Self-Attention Explained
Motivation
Transformers are really important. Self-attention is the core mechanism of the Transformer model. It's a bit confusing at first, but building it from the ground up with some mathematical intuitions, it's not so bad!
The Problem
We have a sequence of vectors (representing words, pixels, or anything else), and we want to process it into a new sequence (of the same dimensions) in a way that considers the meaning of the whole sequence. This means considering complex interdependencies: for example, in the sentence "Alice wrote a note and gave it to Bob," it is only by considering context that you can figure out that "it" refers to the note. in order to complete a downstream task (whether that's classifying the sentiment of the sentence, translating it to another language, or predicting the next word).
Old way of doing this: RNNs, which processed the words one at a time, and used the hidden state of the previous word to inform the current word. This is a good idea, but it has some problems: it's slow, and it doesn't scale well to long sequences, because of vanishing / exploding gradients, and problems capturing long-term dependencies. However, it did successfully allow processing each word to be aware of the other words, since each previous word would modify the hidden state, saving information that could be used to process the next word.
The Idea of Attention
Desiderata:
- Process all the tokens in parallel, so we don't have to wait for each one before providing the next one. We're using GPUs!
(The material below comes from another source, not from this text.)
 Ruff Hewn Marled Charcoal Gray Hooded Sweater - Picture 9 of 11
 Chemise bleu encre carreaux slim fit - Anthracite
- Allow the tokens to interact with each other.
Self-attention is the thing that results from wanting both of these. It provides a way to process all the tokens in the sequence in parallel, but also allow them to interact with each other in the computation, so that dependencies can be captured. It's basically performing a weighted average at each position, weighted by "relevance" (more on that later). Another way to think of what's going on is that information is being "copied" from one position
Dumb Idea: Average the Whole Sequence
This does capture meaning from all the parts! But it sort of "flattens" things, which is too crude for what we want. We have to keep the words separate, especially if we're trying to do things like predict the next word or translate the sentence (order and distinct words matter a lot!)
Better Idea: Position-Wise Weighted Average
Imagine we have an oracle that can tell us what other words in the sentence are relevant to each word. We can use this to weight the words in the sequence, and then take a weighted average. This is a good idea, but it's not quite what we want. We want to be able to learn what words are relevant to each word, rather than having to specify it manually. We want to be able to learn the weights, rather than having to specify them manually.
Mathematical Intuition: Non-Local Means
Unlike "local mean" filters, which take the mean value of a group of pixels surrounding a target pixel to smooth the image, non-local means filtering takes a mean of all pixels in the image, weighted by how similar these pixels are to the target pixel. This results in much greater post-filtering clarity, and less loss of detail in the image compared with local mean algorithms. If compared with other well-known denoising techniques, non-local means adds "method noise" (i.e. error in the denoising process) which looks more like white noise, which is desirable because it is typically less disturbing in the denoised product. (Source: Wikipedia)
Mathematical Intuition: Kernel Regression
Kernel regression estimates the conditional mean at a point
Attention outputs a value at position
Dot-Product Attention
We don't have an oracle. What can we do instead?
Dot Product as a Measure of Similarity
Basically, when two vectors are similar, their dot product is large. When they are orthogonal, their dot product is small. When they are opposite, their dot product is negative. This is a good measure of similarity, because it's easy to compute, and it's easy to interpret.
The Attention Matrix
The attention matrix is a matrix of size
The Whole Thing
def DotProductAttention(X):
attn_matrix = X @ X.T
attn_weights = F.softmax(attn_matrix, dim=1)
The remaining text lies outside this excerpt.